Avant d’aborder les aspects pratiques de la création de lignes de basse, il est bon de prendre un moment pour réfléchir au rôle que joue le bassiste dans le groupe. « Je suis d’accord avec la vision du bassiste franco-canadien Alain Caron », déclare Davy de Wit, professeur de basse à l’ArtEZ Pop Academy d’Enschede aux Pays-Bas. « Pour Caron, le bassiste est le père et le pilier du groupe. Le bassiste est celui qui construit les fondations, assure la cohésion musicale et indique la direction harmonique. Il dirige le rythme (détermine le groove), l’harmonie et la mélodie. » Selon Davy, un morceau bien composé n’a besoin que d’une ligne de basse et d’une ligne mélodique. « Tout est dans l’interaction entre la ligne de basse et la ligne mélodique. » Davy compare la musique à un tableau : « Je considère la mélodie comme le sujet du tableau, où la ligne de basse, en tant qu’arrière-plan, définit la signification du premier plan. Pour moi, les accords agissent comme des couleurs qui clarifient davantage le sens. Ces couleurs ne sont pas toujours nécessaires dans un chef d’œuvre en noir et blanc. Je veux dire par là que lorsque l’interaction entre la basse et la mélodie est réussie, le morceau constitué sur la base de ces deux composantes est en droit d’exister.

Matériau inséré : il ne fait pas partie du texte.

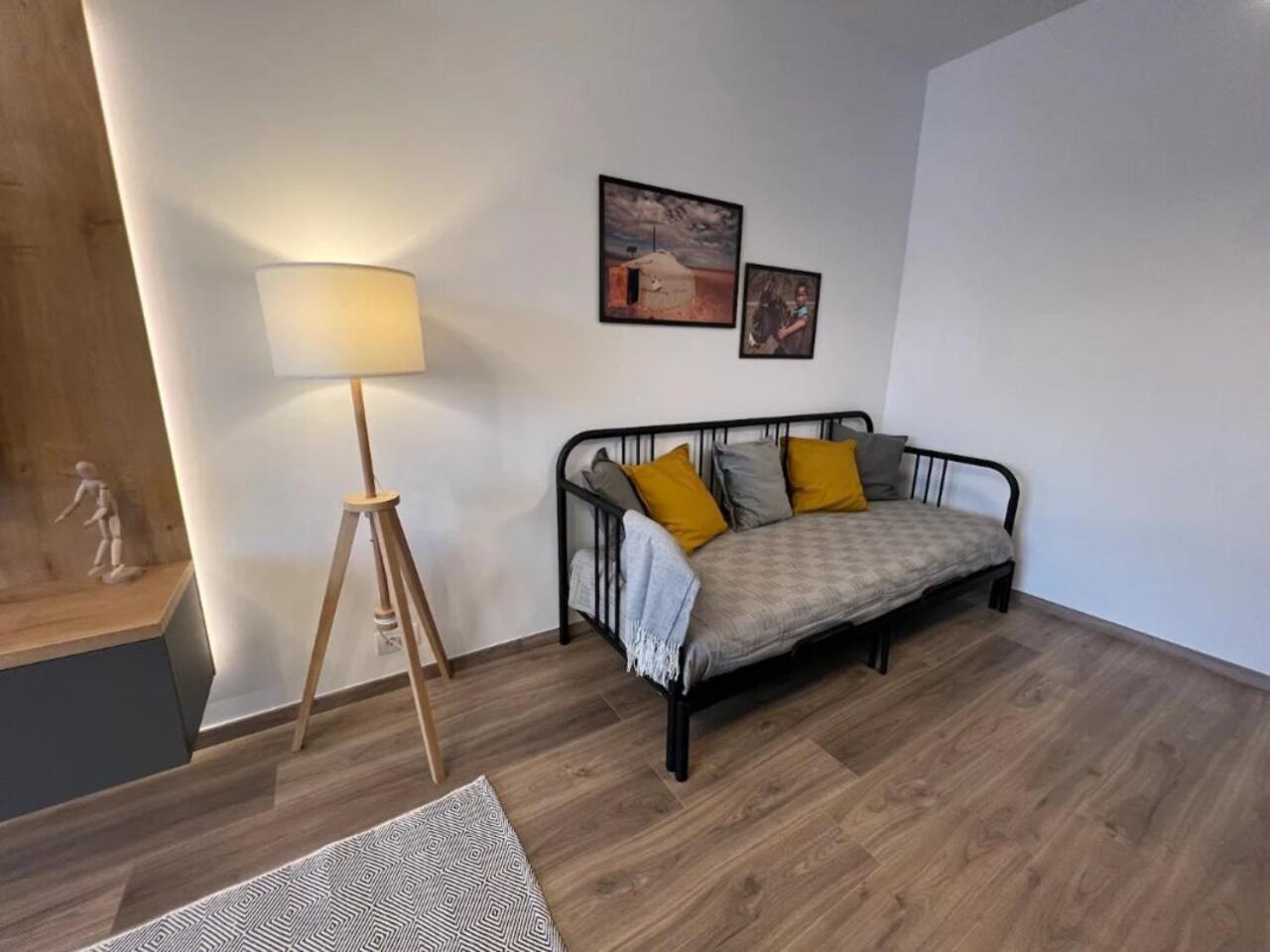High-Rise Luxury Apartment With Free Parking Bucarest Extérieur photo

La chanson de jazz All The Things You Are en est un exemple. » Au sein d’un groupe, la responsabilité en matière de rythme, de mélodie et d’harmonie est principalement liée à l’interaction avec le « partenaire » de la basse, à savoir la batterie. La basse et la batterie constituent la base de la section rythmique. « J’essaie de considérer la basse et la batterie comme un seul et même instrument. Je considère la coopération entre la basse et la batterie comme un mariage, il faut se sentir à l’aise et se compléter », déclare Davy.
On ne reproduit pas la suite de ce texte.